- **Collected data**
○ ○ ○ ○ ○
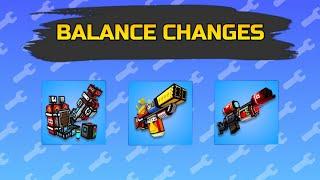 NEW UPDATE'S BALANCE CHANGES - PIXEL GUN 3D 24.8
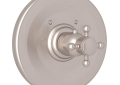 ROHL A4914XMSTN Thermostatic Trim Plate without Volume Control - Satin Nickel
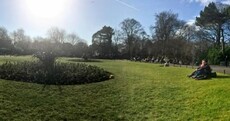 The sun made an appearance today - and Dubliners very nearly lost the run of themselves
○ ○ ○ ○ ○
- **Your objective**
Beginning with the line containing "ROHL A4914XMSTN Thermostatic" and ending with the last line of the data above, repeat each line exactly. Include no pictures and no other lines.

- **Expected answer**
 ROHL A4914XMSTN Thermostatic Trim Plate without Volume Control - Satin Nickel
 The sun made an appearance today - and Dubliners very nearly lost the run of themselves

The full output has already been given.